Multi factor model macro and fundemental

Hi, can someone pleases help me understand by what they mean when they say

Factor sensitivities are generally specified first in fundamental factor models, whereas factor sensitivities are estimated last in macroeconomic factor models. Multi factor model

Where in the curriculum (volume, reading, page #) do you see this?

Level 2
Volume 5, Reading Multi factor model Page #465
2nd line in Answer 17

Thanks.

I recalled writing up slides on this for a prep provider six years ago, but I couldn’t find it. (I was looking in Equity, not in Portfolio Management.)

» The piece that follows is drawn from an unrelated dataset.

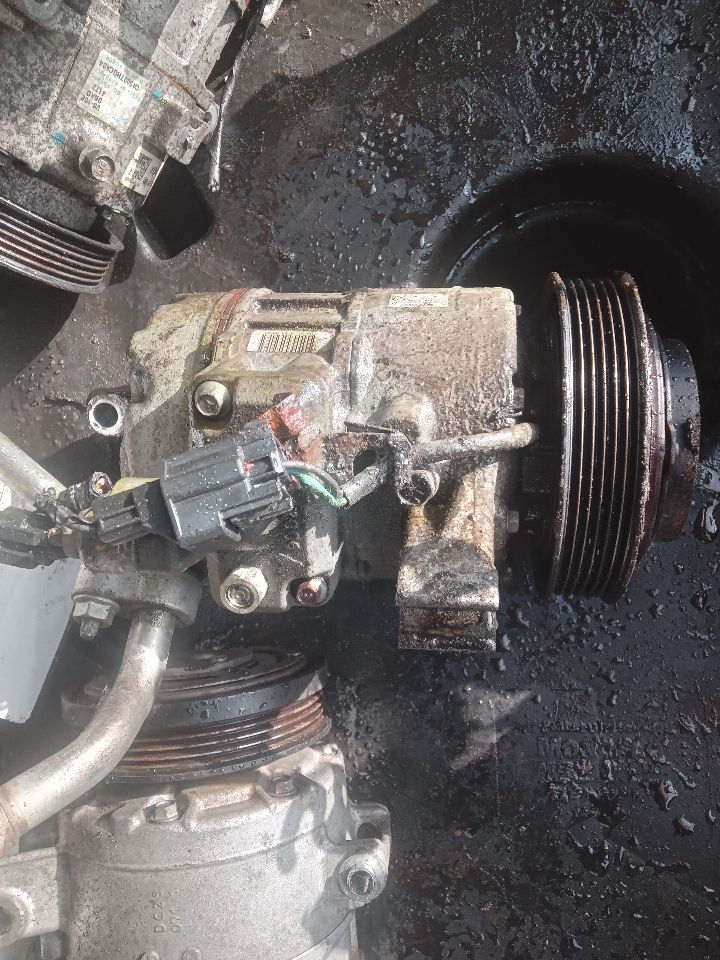 2007 BUICK LUCERNE 8cyl Gasoline 4.6 AC COMPRESSOR - 370287
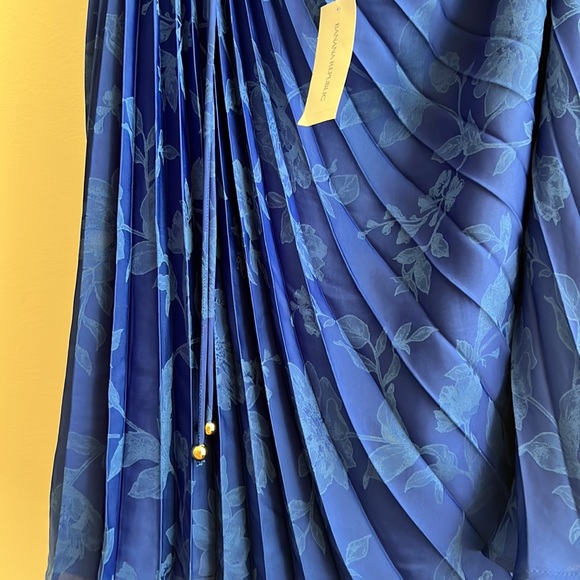 NWT Banana Republic Size Small Blue One Shoulder Top - Picture 4 of 17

The structure of the models looks the same:

R_i = \alpha_i + \beta_{i,1}F_1 + \cdots + \beta_{i,K}F_K

where:

R_i is the return on asset i

F_k is factor k, k = 1, 2, \ldots, K

\beta_{i,k} is the sensitivity of return R_i to factor F_k

A macroeconomic model might have factors such as inflation, GDP growth, and interest rates. We use data for those factors and known returns on asset i to do a regression analysis and estimate the \beta_{i,k}s. So here the factor returns are data, and the sensitivities are estimated at the end.

A fundamental factor model might have factors such as P/E ratio, net profit margin, and so on. For each company i we compute a set of standardized sensitivities. For the P/E ratio, for example, the standardized sensitivity for company i is:

\beta_{i,P/E} = \frac{Company\ i's\ P/E - mean\ P/E}{\sigma_{P/E}}

Using these sensitivities and known returns, we do a regression analysis to estimate the factor returns: the F_ks. So here the sensitivities are data, and the factor returns are estimated at the end.